Records from a dataset
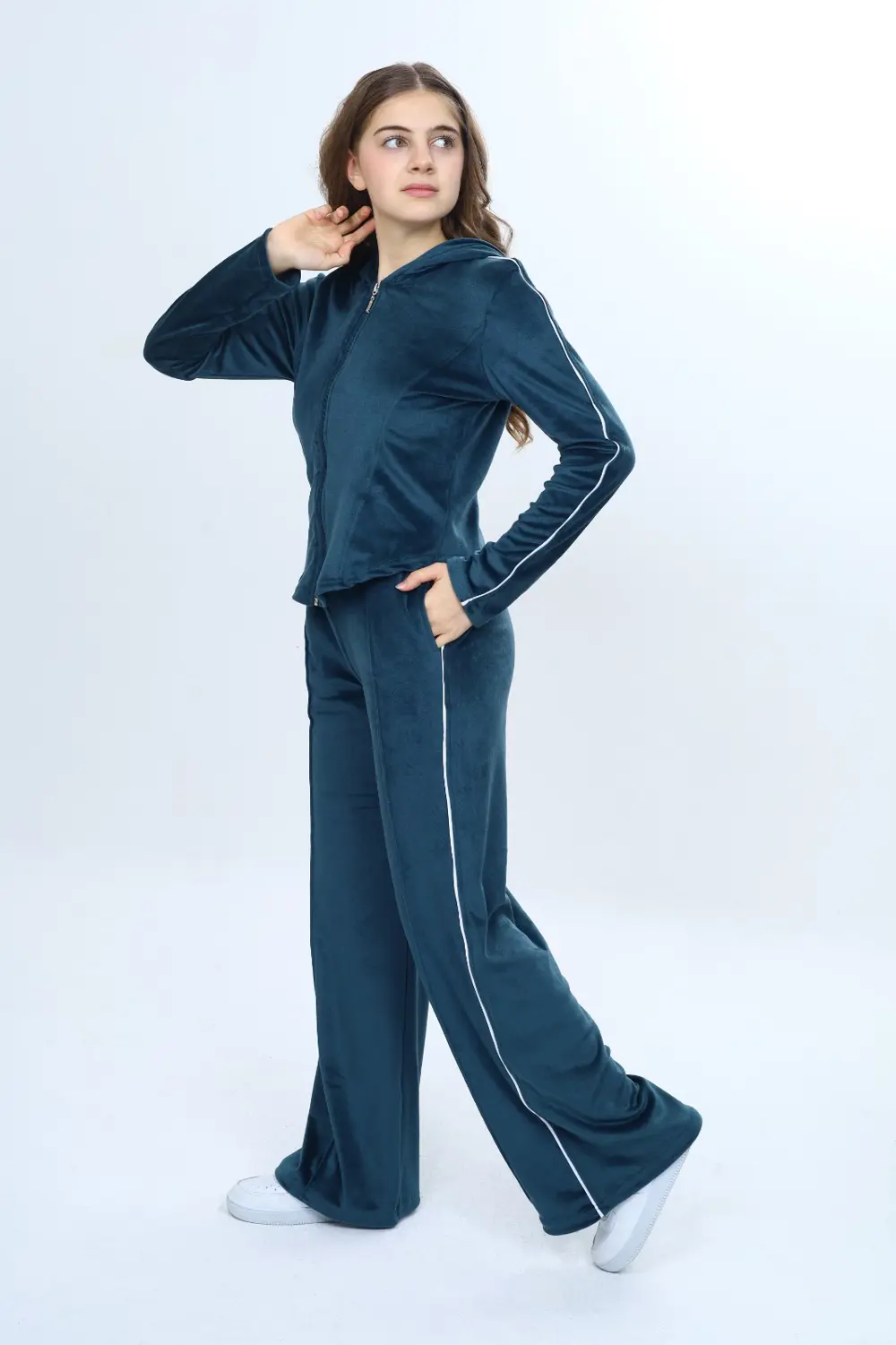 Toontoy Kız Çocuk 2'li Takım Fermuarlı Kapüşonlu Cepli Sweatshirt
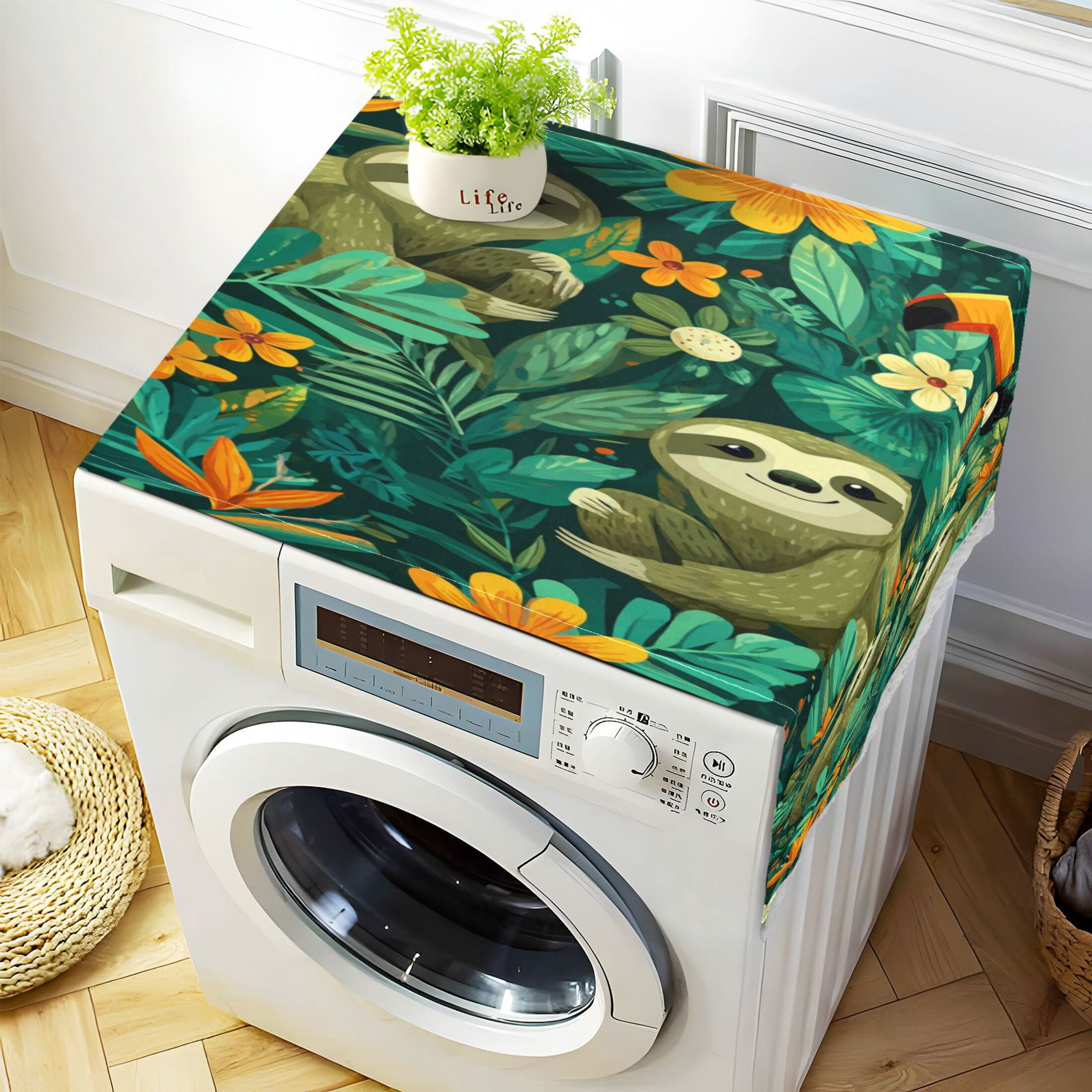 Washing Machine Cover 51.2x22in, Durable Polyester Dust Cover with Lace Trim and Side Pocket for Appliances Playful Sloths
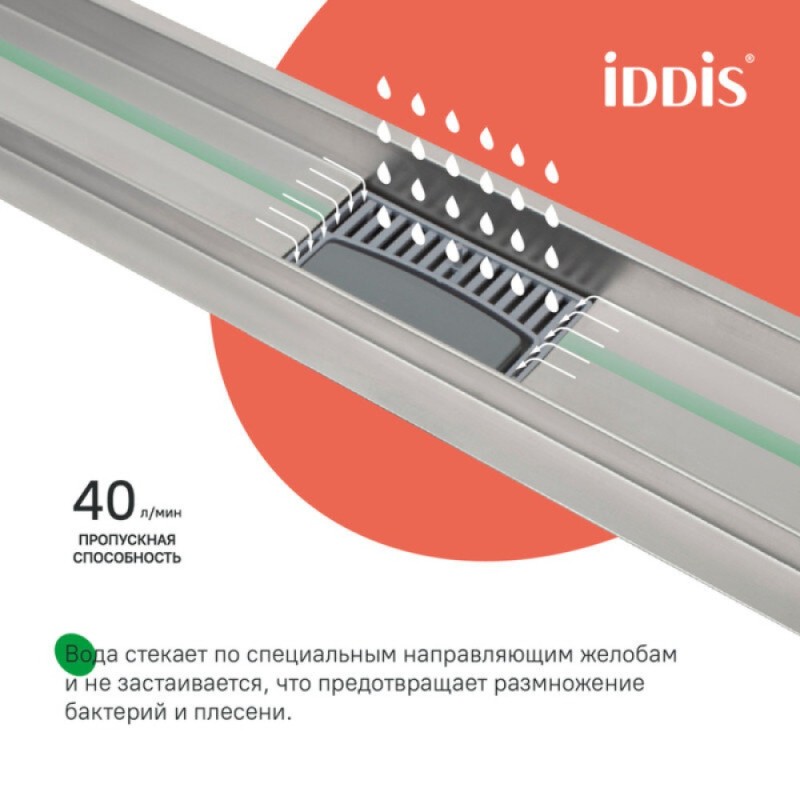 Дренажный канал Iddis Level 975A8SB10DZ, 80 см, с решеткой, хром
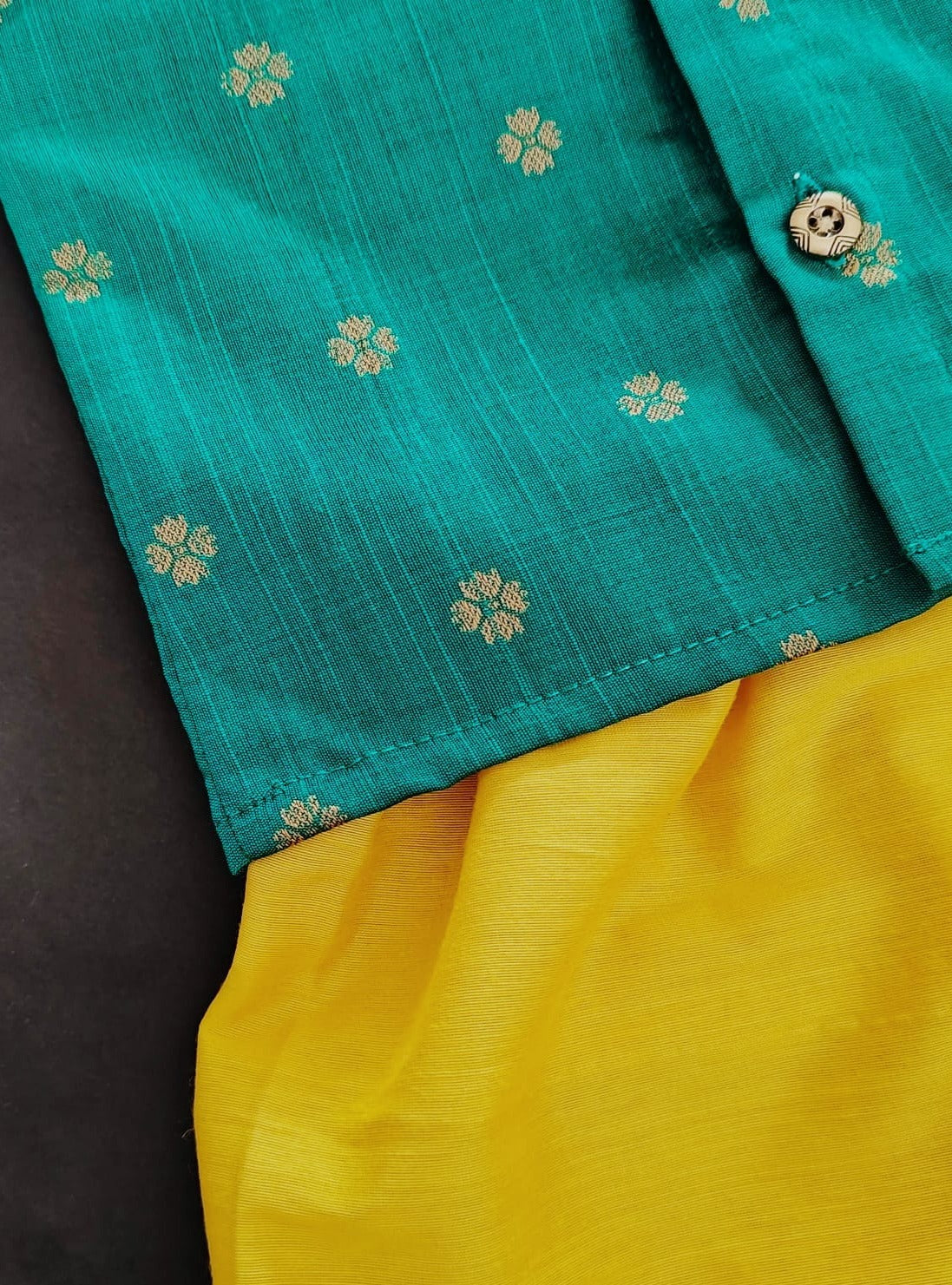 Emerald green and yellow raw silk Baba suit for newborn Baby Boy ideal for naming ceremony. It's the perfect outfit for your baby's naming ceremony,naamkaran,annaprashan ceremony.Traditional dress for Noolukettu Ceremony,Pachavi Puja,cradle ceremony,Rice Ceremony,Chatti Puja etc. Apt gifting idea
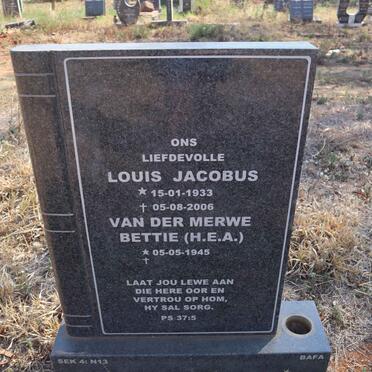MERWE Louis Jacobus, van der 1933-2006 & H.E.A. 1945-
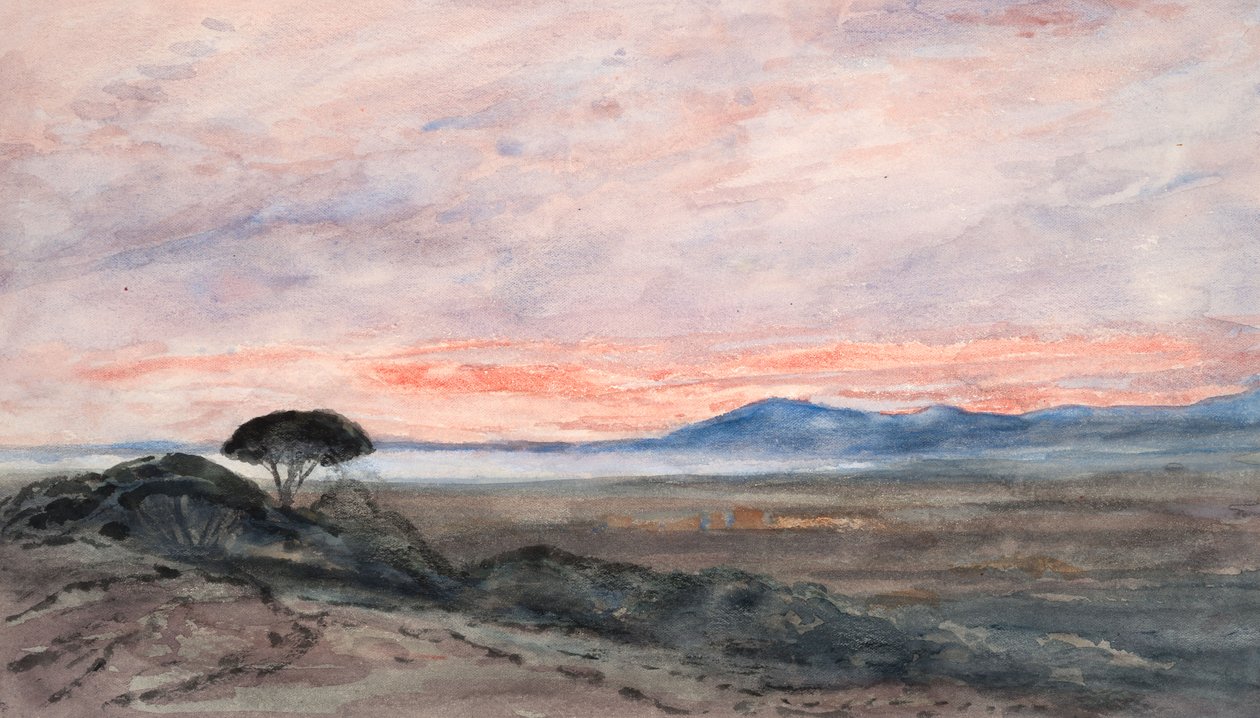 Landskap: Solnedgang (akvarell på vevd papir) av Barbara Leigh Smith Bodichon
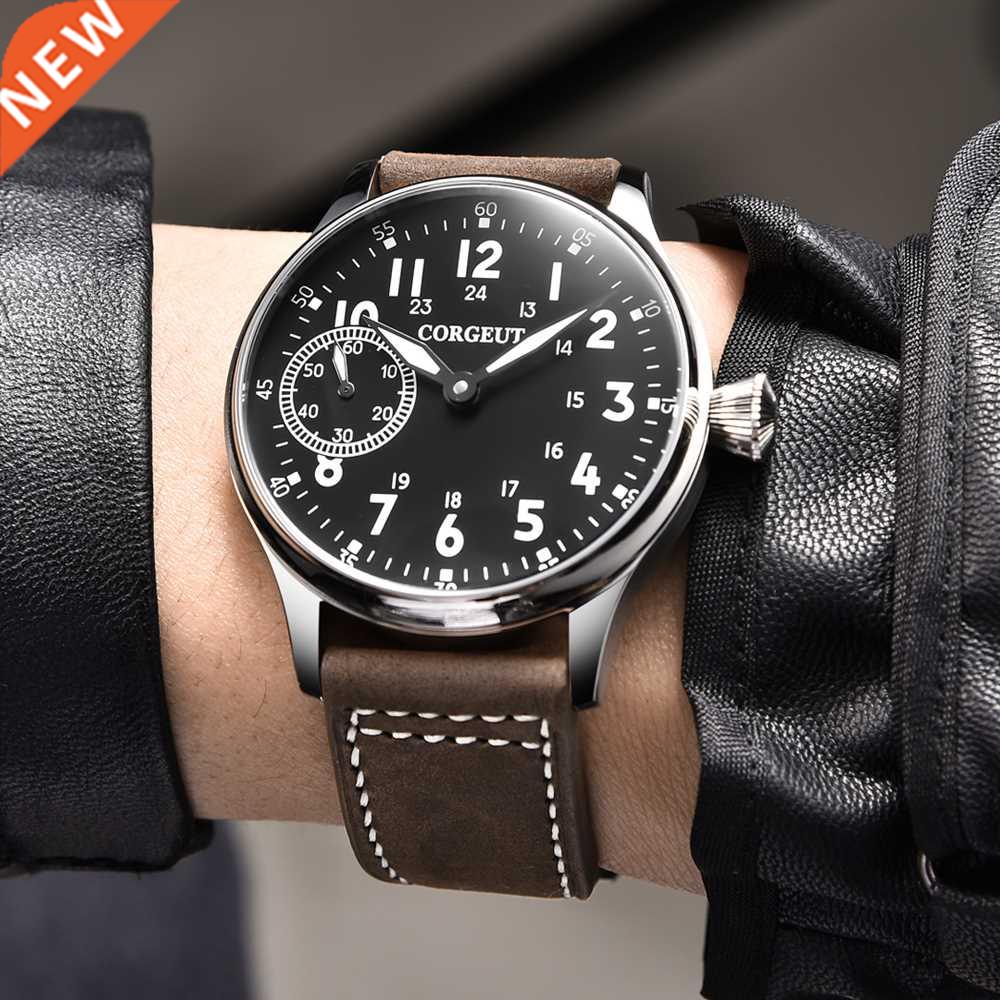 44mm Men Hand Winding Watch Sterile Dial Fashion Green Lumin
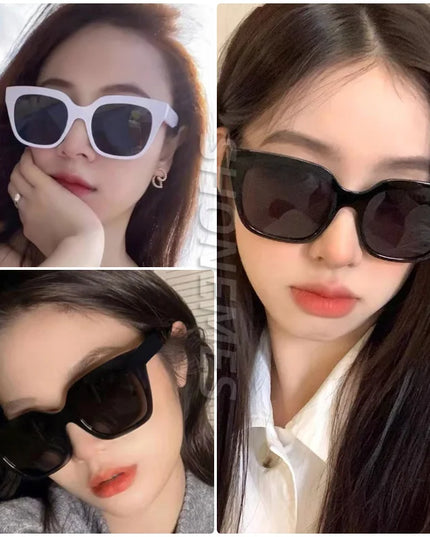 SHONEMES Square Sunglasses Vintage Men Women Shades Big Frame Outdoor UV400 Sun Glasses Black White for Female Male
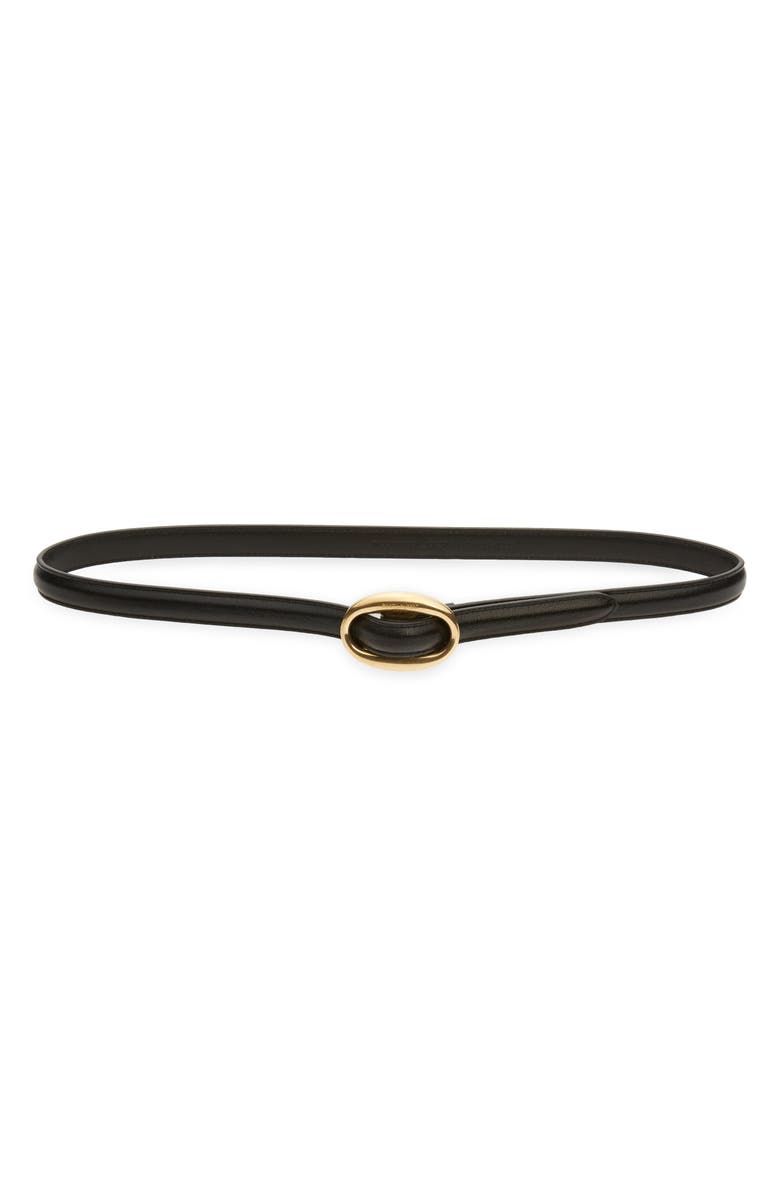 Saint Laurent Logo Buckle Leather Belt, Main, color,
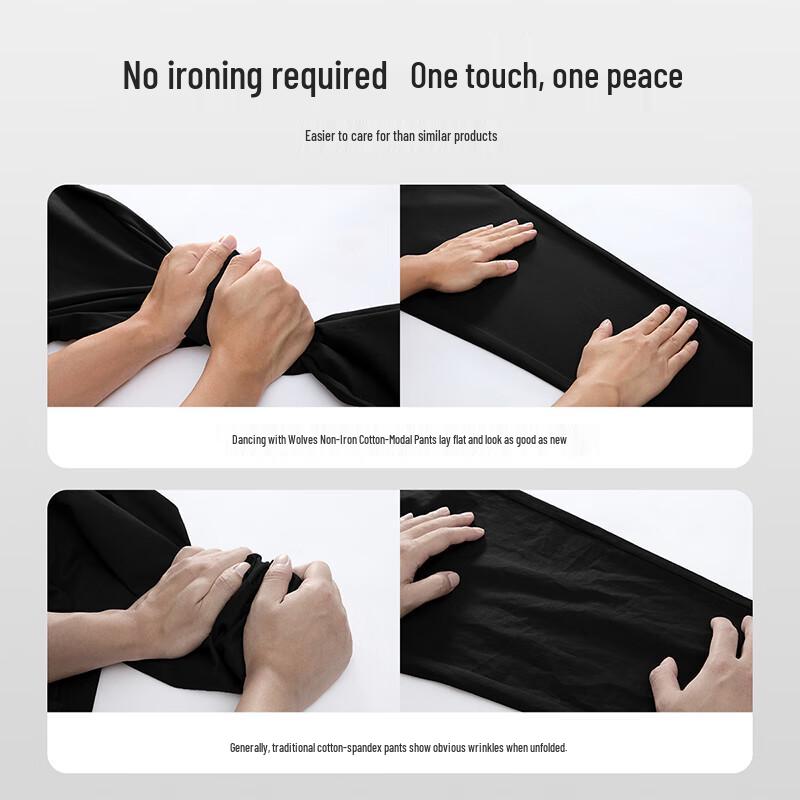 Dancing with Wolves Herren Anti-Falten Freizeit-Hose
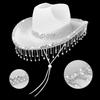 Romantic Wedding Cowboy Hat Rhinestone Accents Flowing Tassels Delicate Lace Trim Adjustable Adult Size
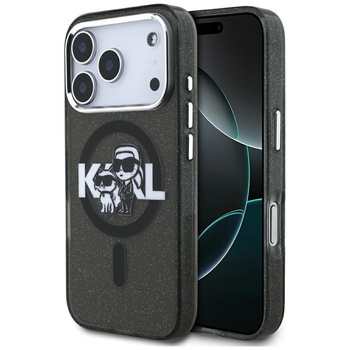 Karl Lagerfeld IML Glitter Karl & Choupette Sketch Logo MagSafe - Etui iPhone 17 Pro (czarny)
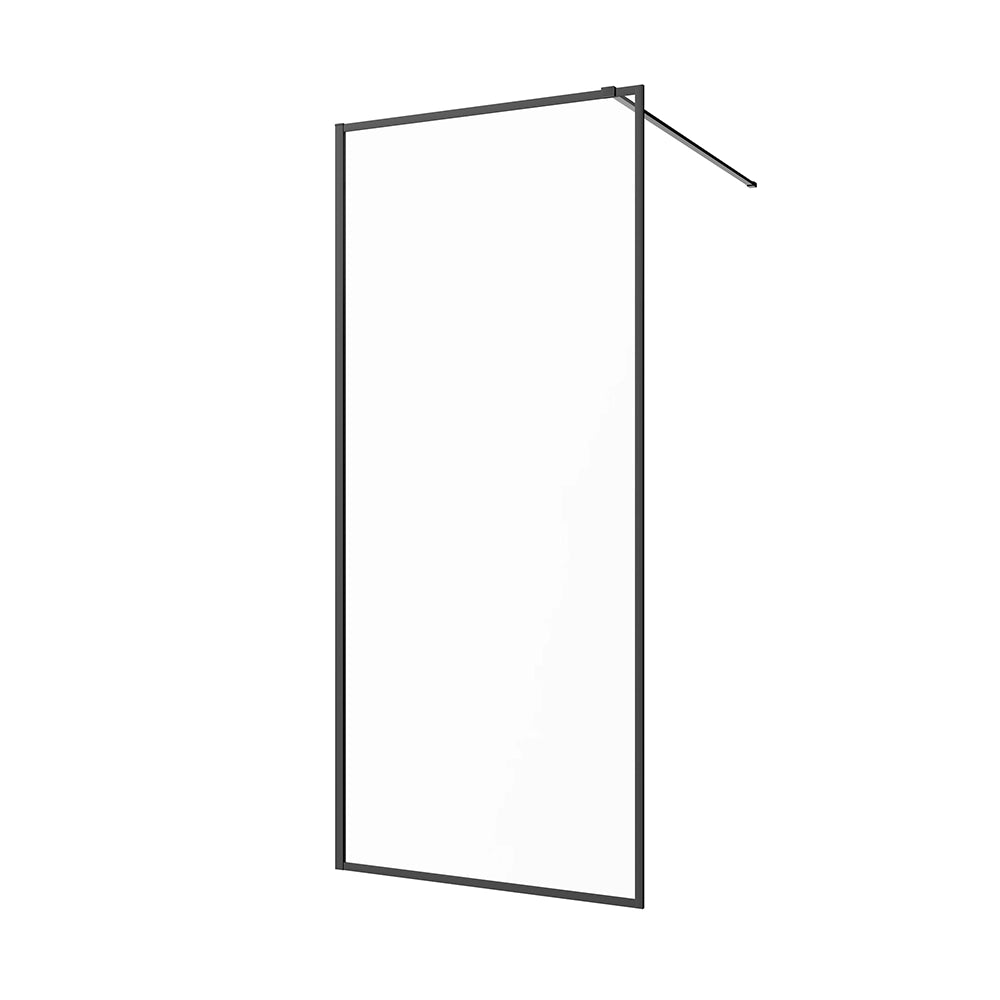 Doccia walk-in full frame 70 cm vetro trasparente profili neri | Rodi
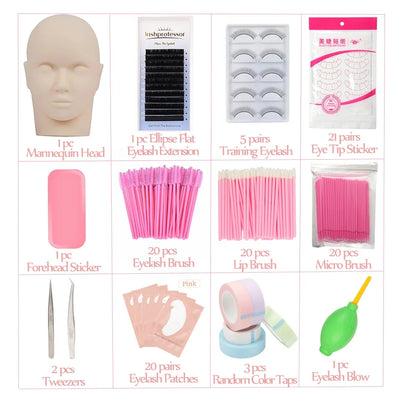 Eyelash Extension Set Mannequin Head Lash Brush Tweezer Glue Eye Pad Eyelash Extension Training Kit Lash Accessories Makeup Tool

== Exercise directions ==
All lines between the one that contains "Romantic Wedding Cowboy" and the end of the records above, both included, are to be returned exactly as they stand, except for pictures, which are omitted.

== Exercise response ==
 Romantic Wedding Cowboy Hat Rhinestone Accents Flowing Tassels Delicate Lace Trim Adjustable Adult Size
 Karl Lagerfeld IML Glitter Karl & Choupette Sketch Logo MagSafe - Etui iPhone 17 Pro (czarny)
 Doccia walk-in full frame 70 cm vetro trasparente profili neri | Rodi
 Eyelash Extension Set Mannequin Head Lash Brush Tweezer Glue Eye Pad Eyelash Extension Training Kit Lash Accessories Makeup Tool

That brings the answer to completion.